Excerpted data:
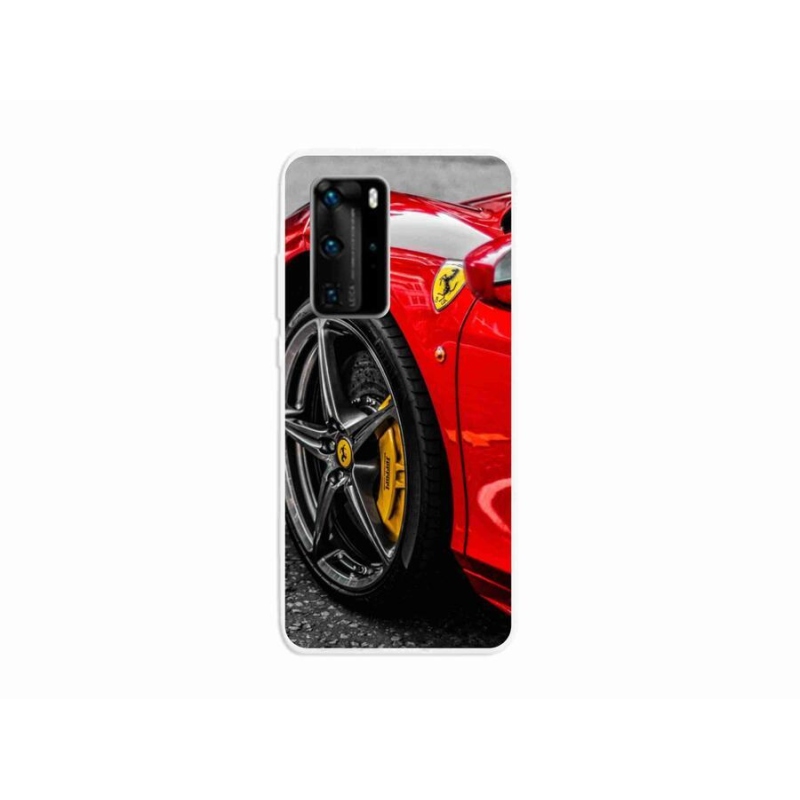 Gélový kryt mmCase na mobil Huawei P40 Pro - auto 1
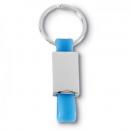 Keyring with silicone strap    
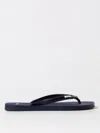 Hugo Boss Tracy Flip Flops In Blue
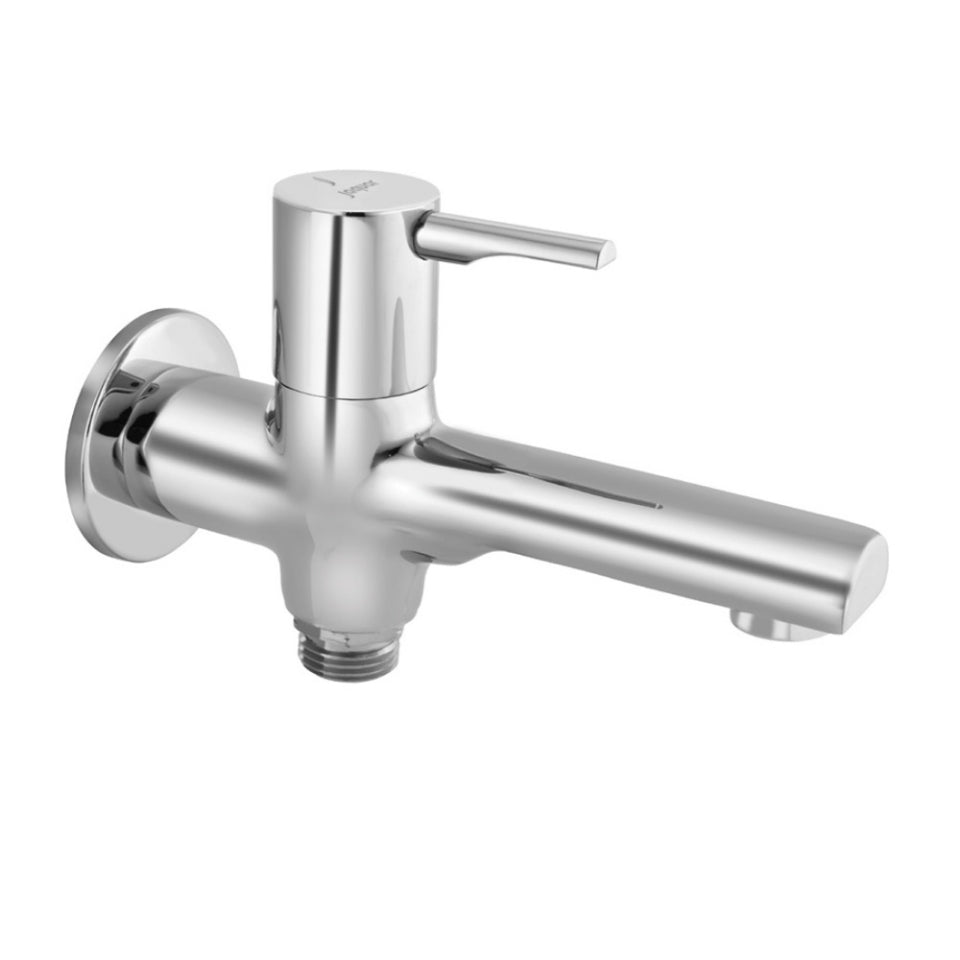 2 Way Bib Cock - Chrome | Jaquar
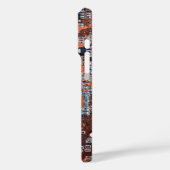 Coques Case-Mate iPhone Carte circuit imprimé circuit orange PCB (Verso / Gauche)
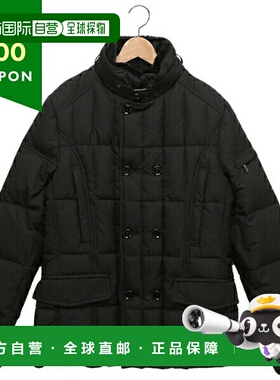 日本直邮MOORER 羽绒服外套黑色男士 MOORER SIRO KM NERO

Your assignment: Copy exactly the lines that run from the line containing "Coques Case-Mate iPhone" to the end of the data, keeping both end lines and dropping every picture.

Solution to this exercise:
 Coques Case-Mate iPhone Carte circuit imprimé circuit orange PCB (Verso / Gauche)
 日本直邮MOORER 羽绒服外套黑色男士 MOORER SIRO KM NERO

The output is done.